If Gilmore Girls on melodramatic steroids seems fun to you, well, Ginny & Georgia is, actually. It's a flawed but incredibly watchable series, anchored by two strong performances from Howery and Gentry. Though the first season is simultaneously overstuffed and overlong—another 10, 53-minute episode series from Netflix!—it's almost always engaging, throwing in plot twists, surprise visitors, and romantic intrigue. A lot happens: Georgia starts to work for the handsome town mayor running for reelection, Ginny falls in with a wild but close-knit clique, one of Ginny's suitors performs a happy birthday tap dance for her. (Is Gen Z really into tap dance? I don't know. The sequence is weird.) At the same time, these hours of television only begin to scratch the surface of some of the more interesting questions raised, especially when it comes to Ginny and her struggles with acceptance and identity as a mixed race girl raised by a white parent in a largely white suburb. 

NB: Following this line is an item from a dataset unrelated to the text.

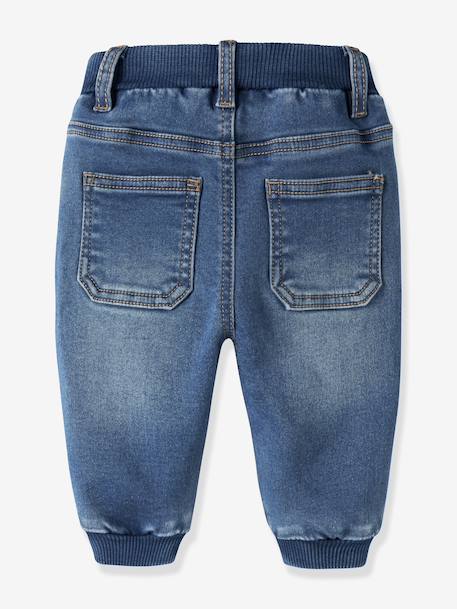 Jean thermique bébé baggy-fit doublé polaire name it, tour de taille réglable bleu jean 2 - vertbaudet enfant 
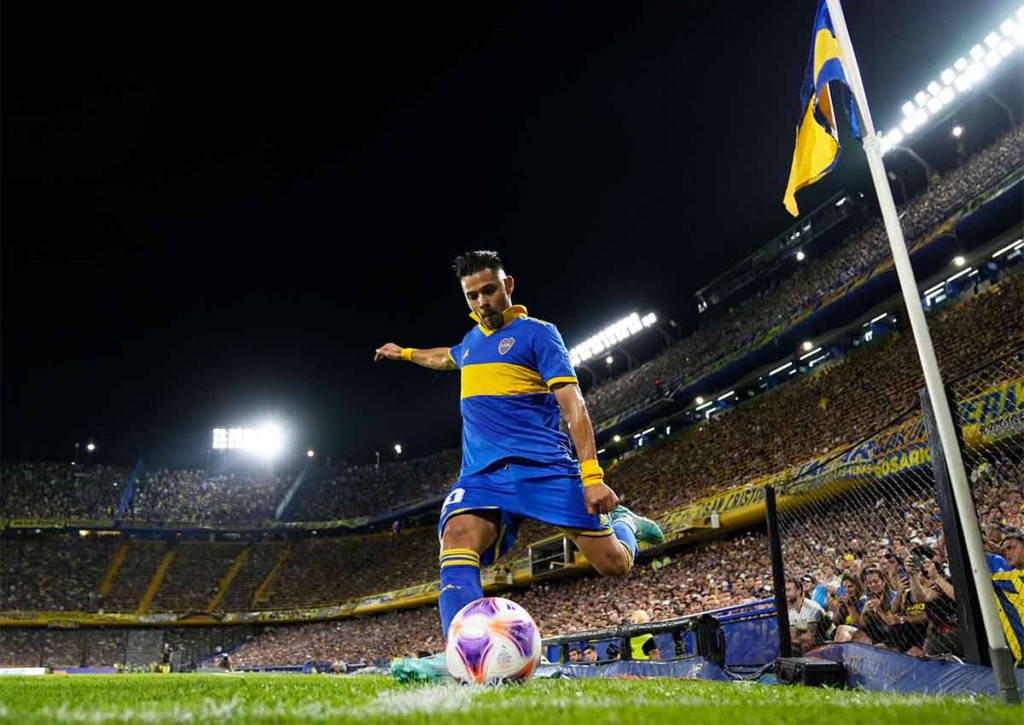 Gewinnen die Boca Juniors (im Bild: Óscar Romero) ihr Auftaktspiel gegen Monagas? © IMAGO / Photogamma, 06.03.2023 Monagas Boca Juniors Tipp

It's specifics like that which make Ginny & Georgia more distinctive than what came before it, and yet a generic quality—evident in the bland Spotify-core soundtrack, flat visual style, and references that already seem dated—stifles its novelty. (The title of the finale is a callout to a 2-year-old Kylie Jenner feud.) Ginny & Georgia is perfect background TV: familiar enough to be comforting, but with enough of its own weird energy to let Netflix's autoplay jump into the next episode.